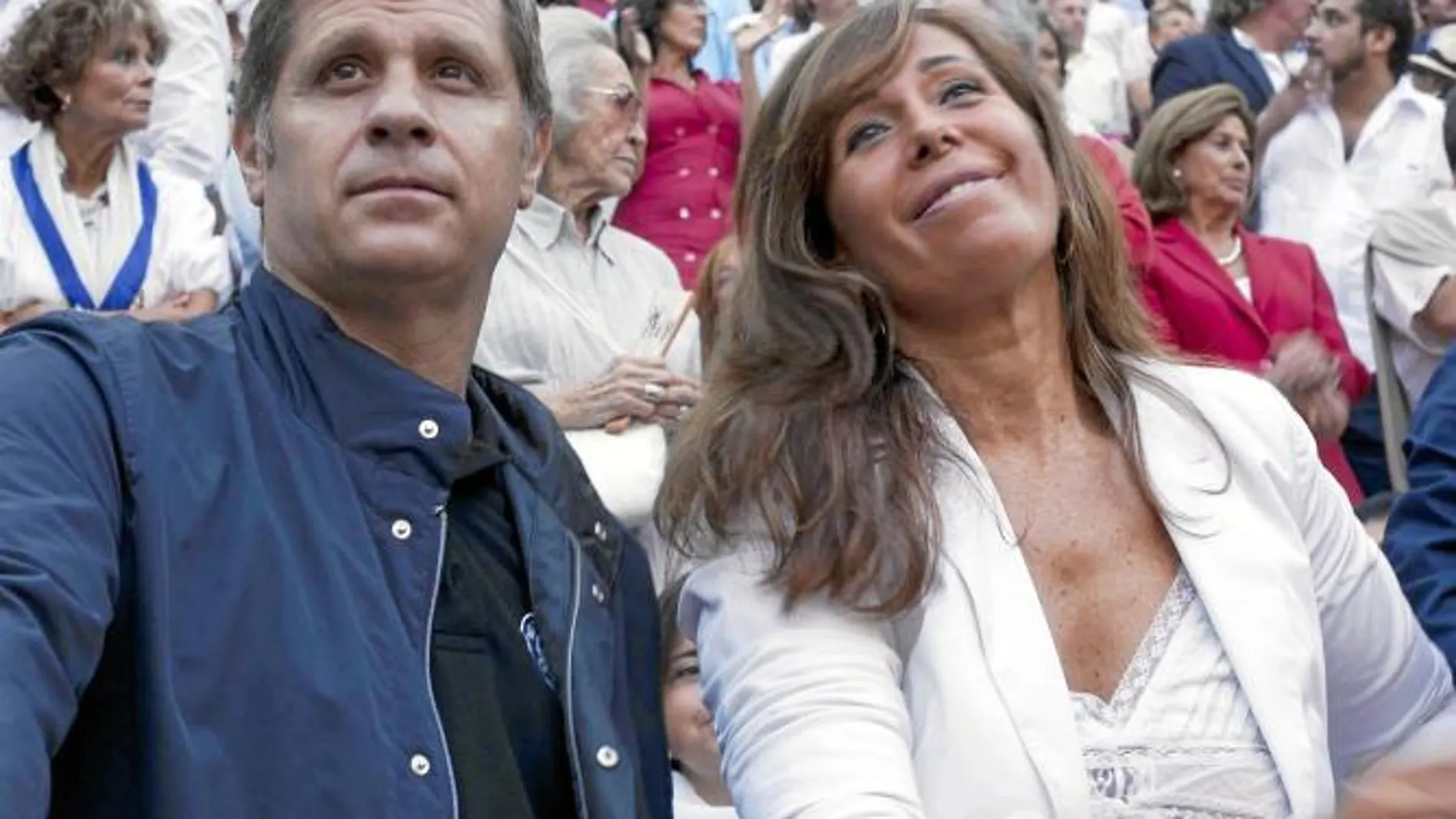 Alberto Fernández y Alicia Sánchez Camacho, del PP, en un momento de la corrida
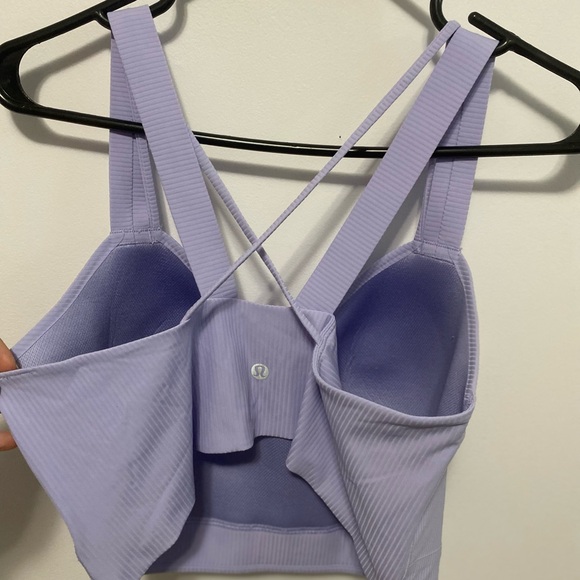 Lululemon sports tank - Picture 2 of 2
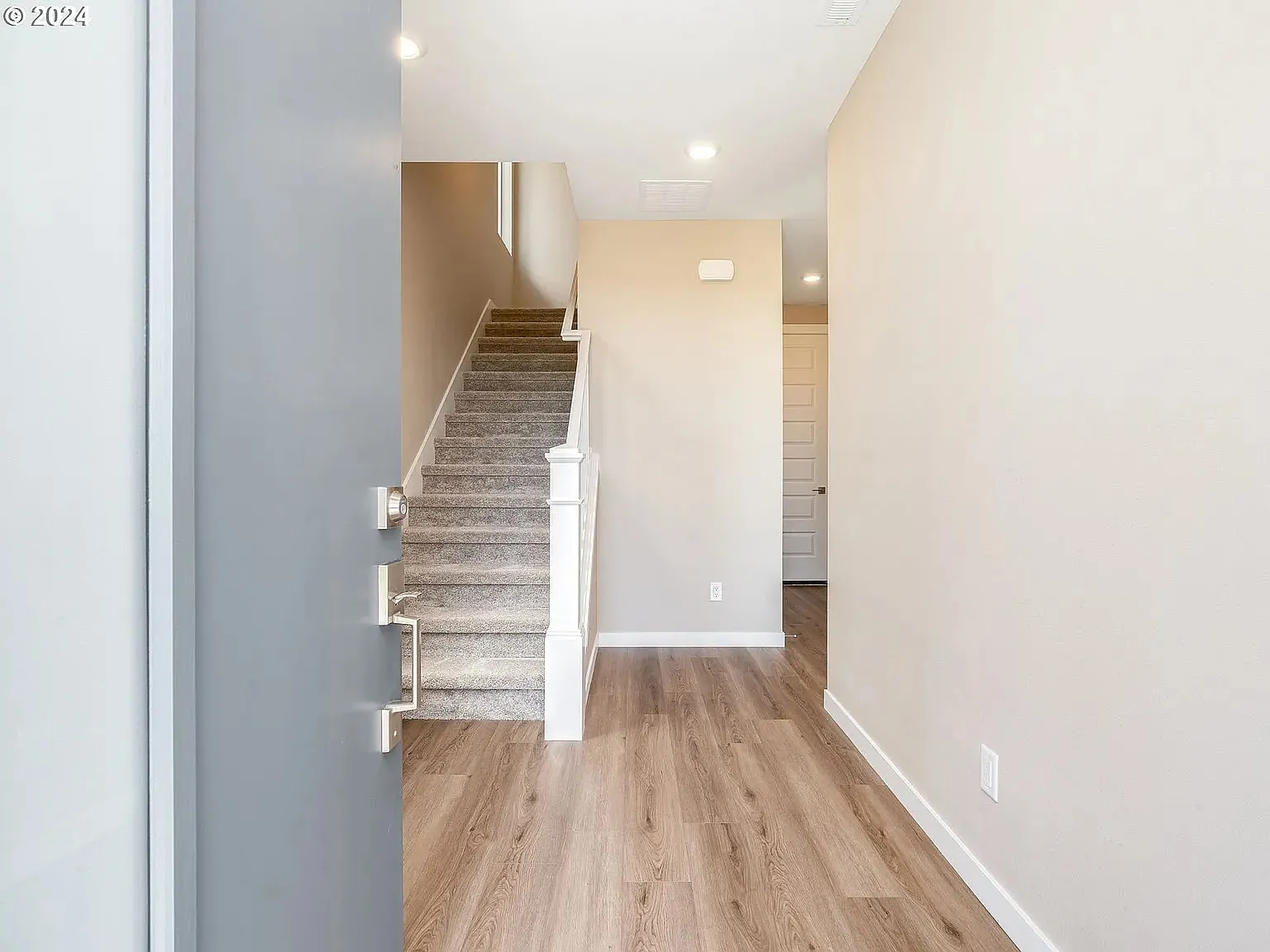 4 bed, 3.5 bath, 2162 sqft, $3,199 — Photo 2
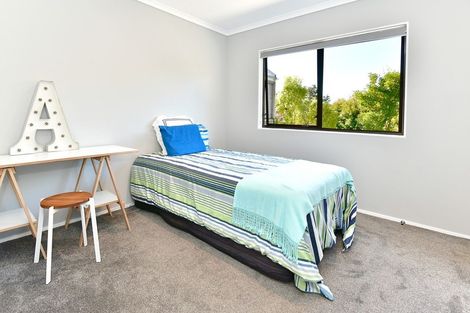 Photo of property in 30b Elliston Crescent, Stanmore Bay, Whangaparaoa, 0932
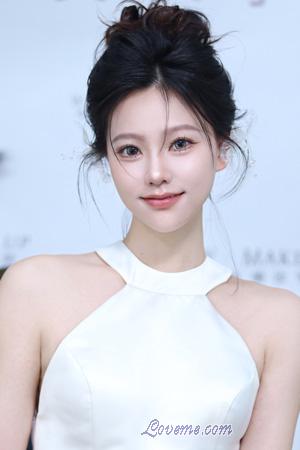 224764 - Yunyun Edad: 27 - China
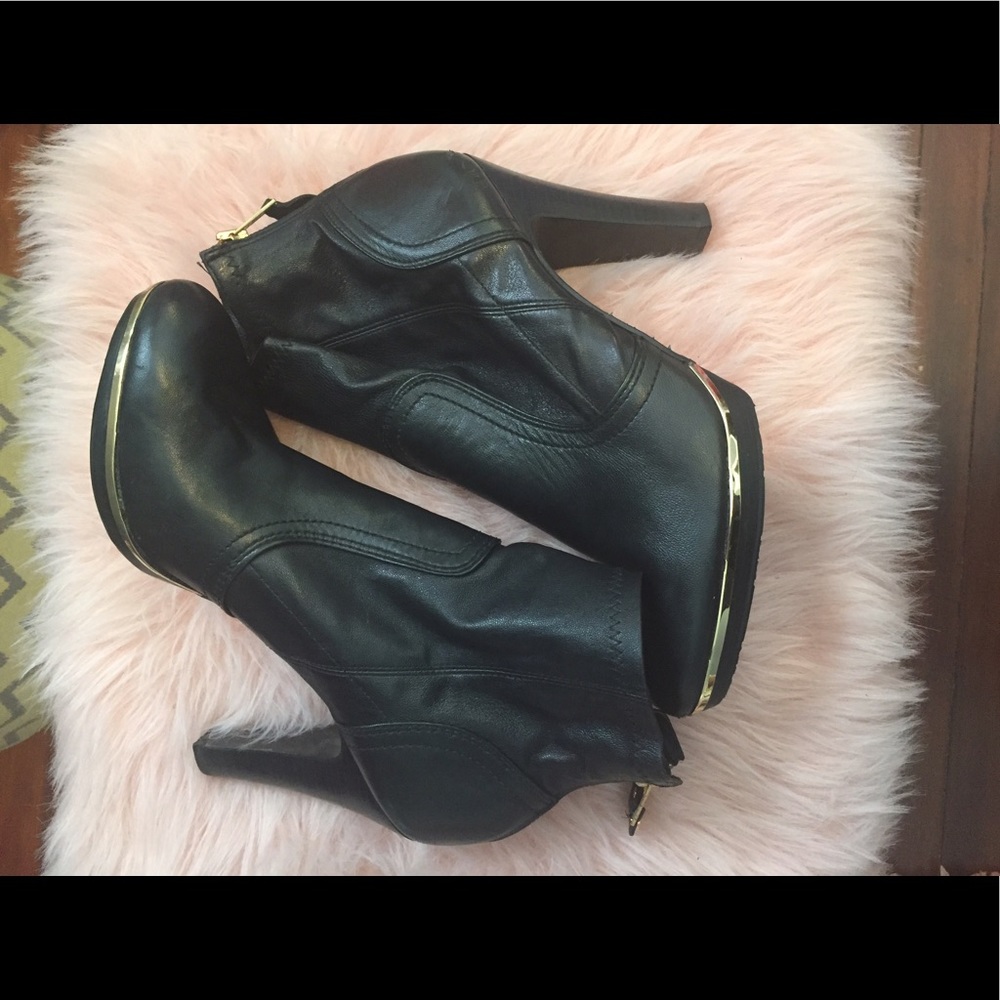 Tory Butch leather ankle boots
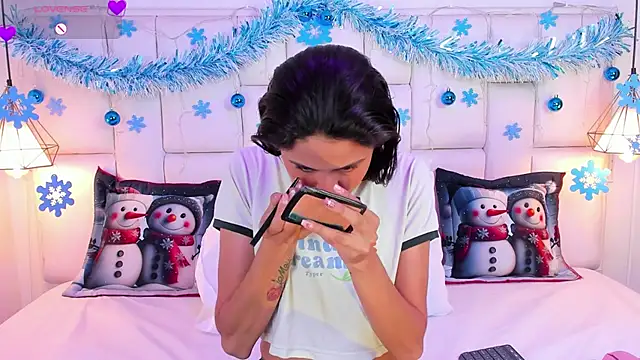 SarahSophia  online show from December 2024 11:34:02 AM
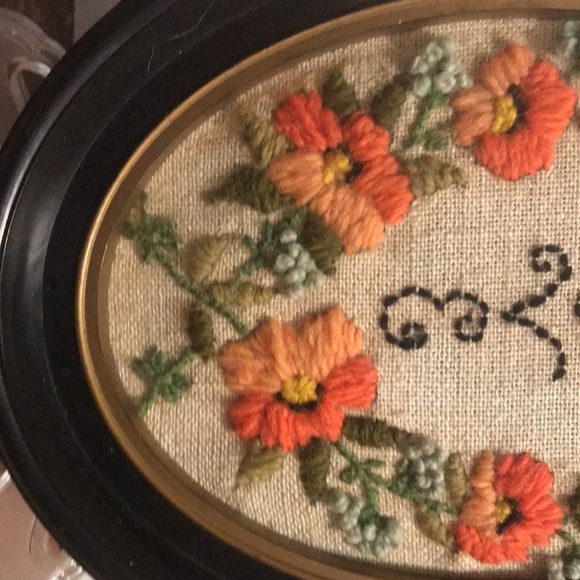 Vintage.  1970s or so black plastic oval framed hand embroidered. “Love” wall - Picture 5 of 10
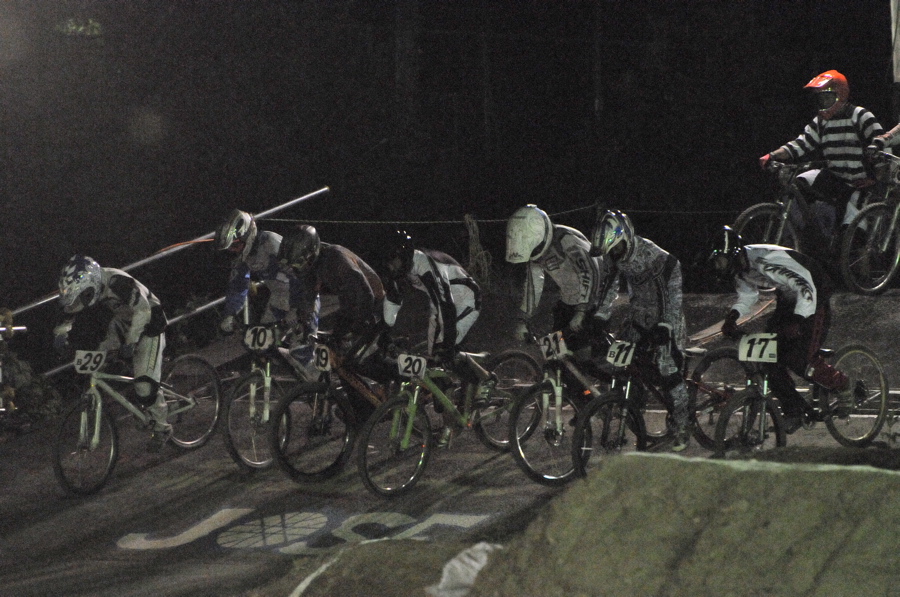 09\"JOSF Japan Open 2Days Race：VOL2ナイトレースMTBエキパ、エリート決勝_b0065730_849431.jpg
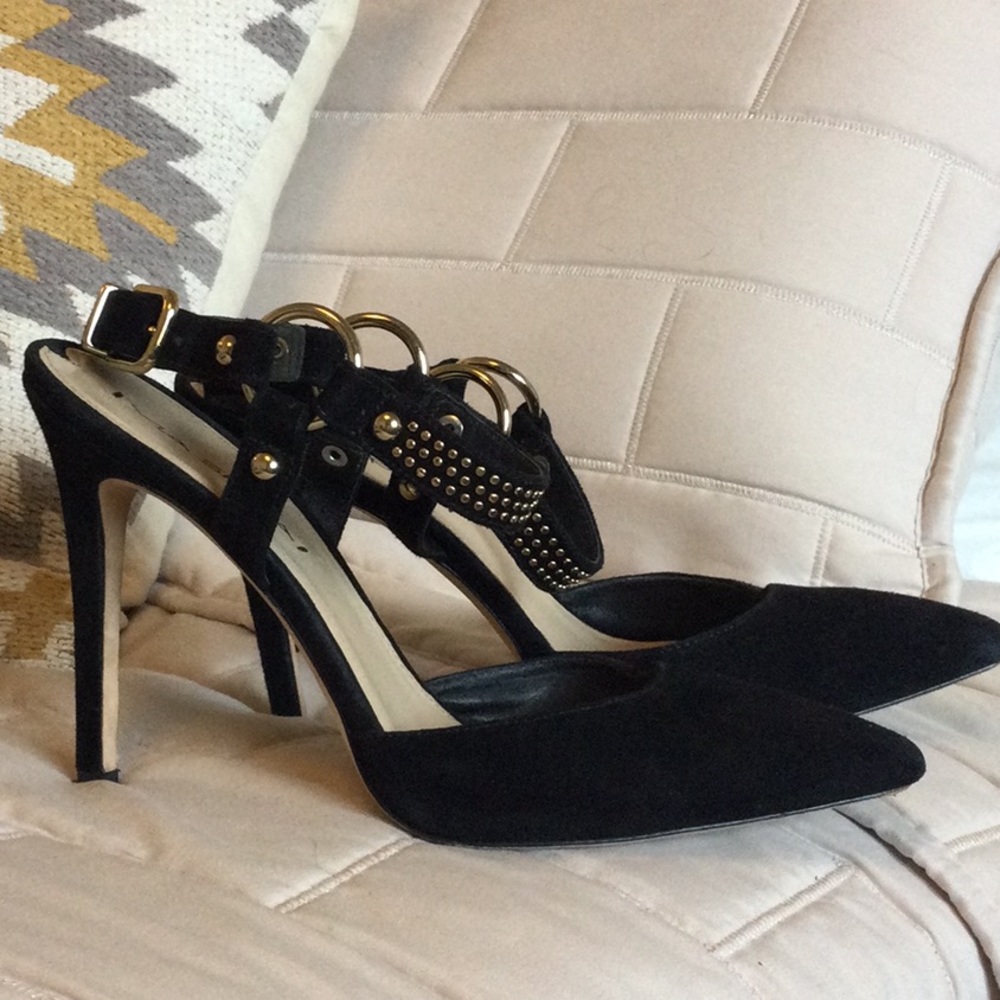 Gorgeous suede Via Spiga shoes. Size 8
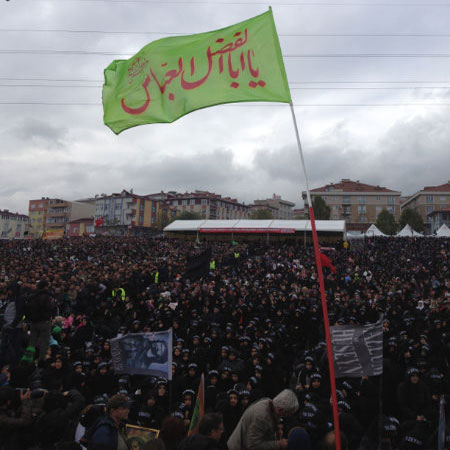 الاتراك يحييون عاشوراء في اسطنبول بمشاركة لاريجاني الذي ثمن انتصار غزة وجدد دعم ايران للمقاومة  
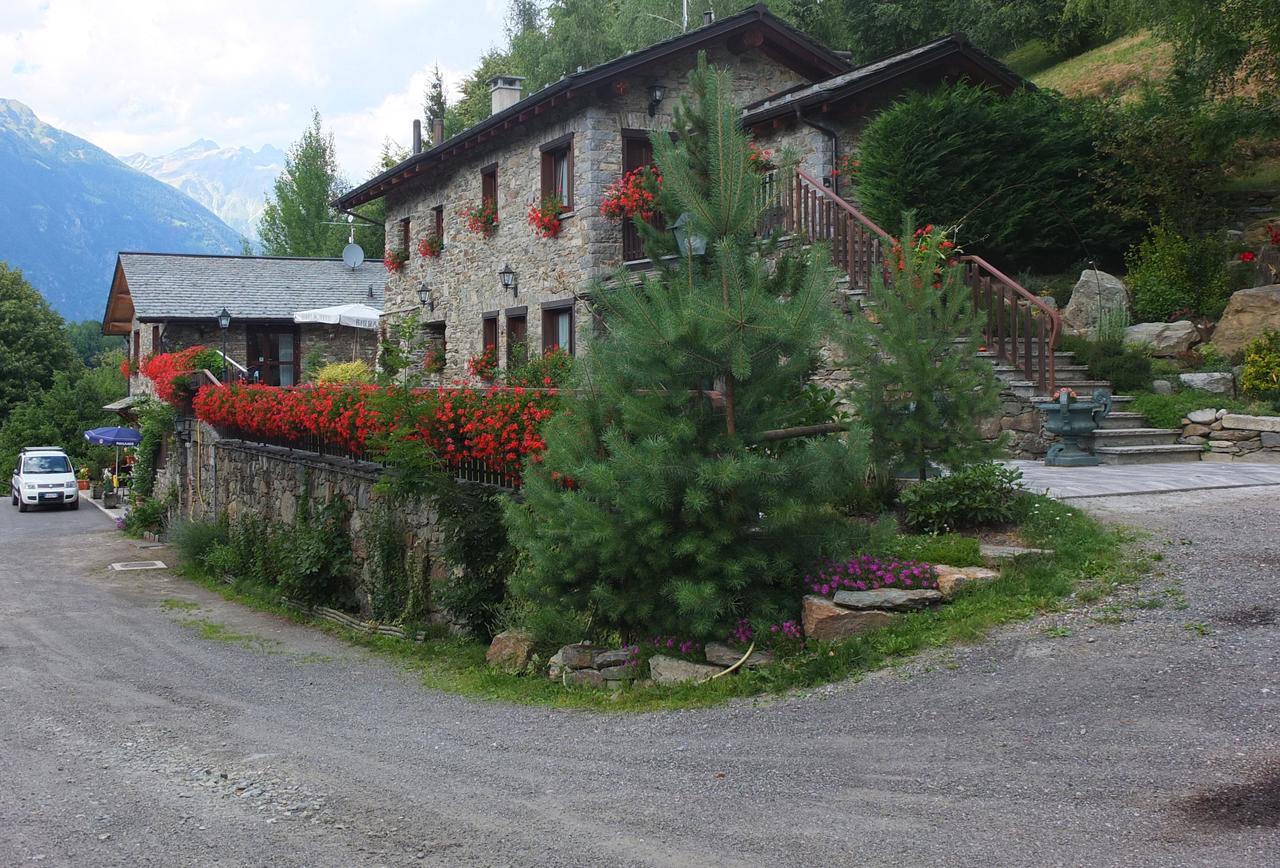 Mazzo di Valtellina Agriturismo Al Castagnetoヴィラ エクステリア 写真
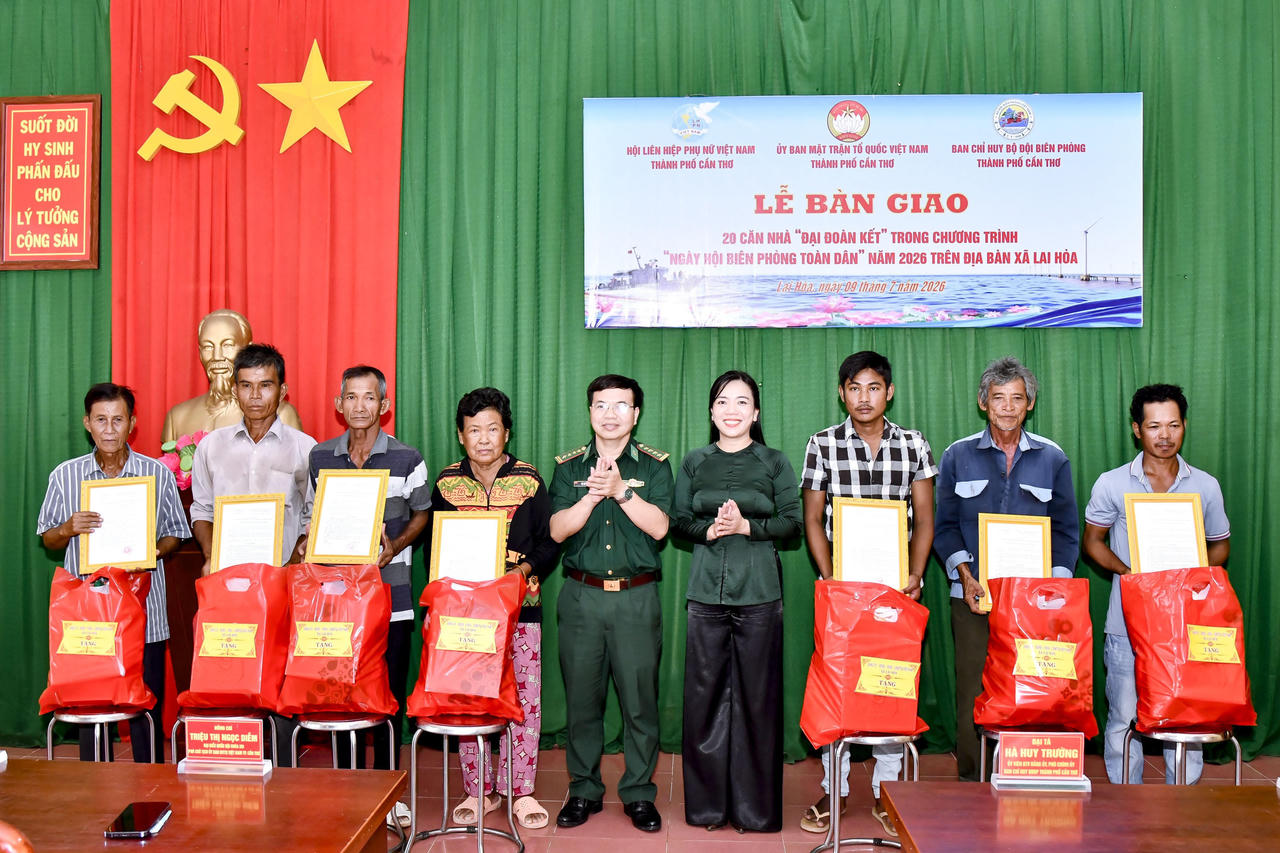 Cần Thơ bàn giao 30 căn nhà Đại đoàn kết cho người nghèo khu vực biên giới biển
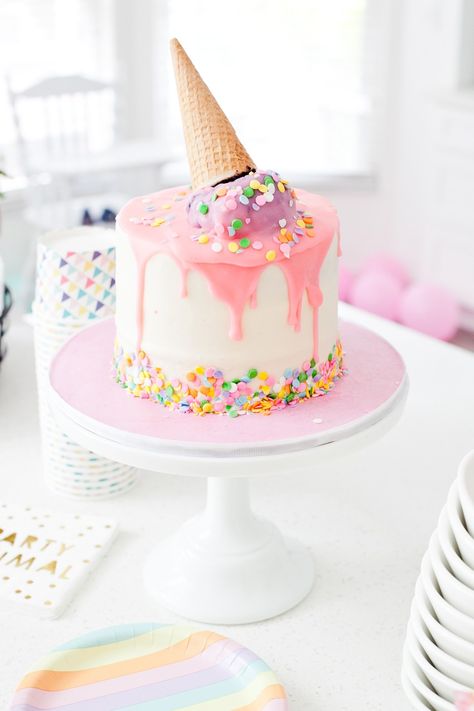 Ice Cream Cookie Sandwich Bar, Ice Cream Party Cake, Ice Cream Social Birthday Party, Cream Balloons, Ice Cream Birthday Party Theme, Ice Cream Balloons, 4de Verjaardag, Ice Cream Party Theme, Ice Cream Birthday Cake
▬▬▬
> **What to work on**
Print exactly the lines from the one containing "Tory Butch leather ankle boots" through the last line of the records, both included, and leave out the pictures.

> **Result**
 Tory Butch leather ankle boots
 SarahSophia  online show from December 2024 11:34:02 AM
 Vintage.  1970s or so black plastic oval framed hand embroidered. “Love” wall - Picture 5 of 10
 09\"JOSF Japan Open 2Days Race：VOL2ナイトレースMTBエキパ、エリート決勝_b0065730_849431.jpg
 Gorgeous suede Via Spiga shoes. Size 8
 الاتراك يحييون عاشوراء في اسطنبول بمشاركة لاريجاني الذي ثمن انتصار غزة وجدد دعم ايران للمقاومة  
 Mazzo di Valtellina Agriturismo Al Castagnetoヴィラ エクステリア 写真
 Cần Thơ bàn giao 30 căn nhà Đại đoàn kết cho người nghèo khu vực biên giới biển
 Ice Cream Cookie Sandwich Bar, Ice Cream Party Cake, Ice Cream Social Birthday Party, Cream Balloons, Ice Cream Birthday Party Theme, Ice Cream Balloons, 4de Verjaardag, Ice Cream Party Theme, Ice Cream Birthday Cake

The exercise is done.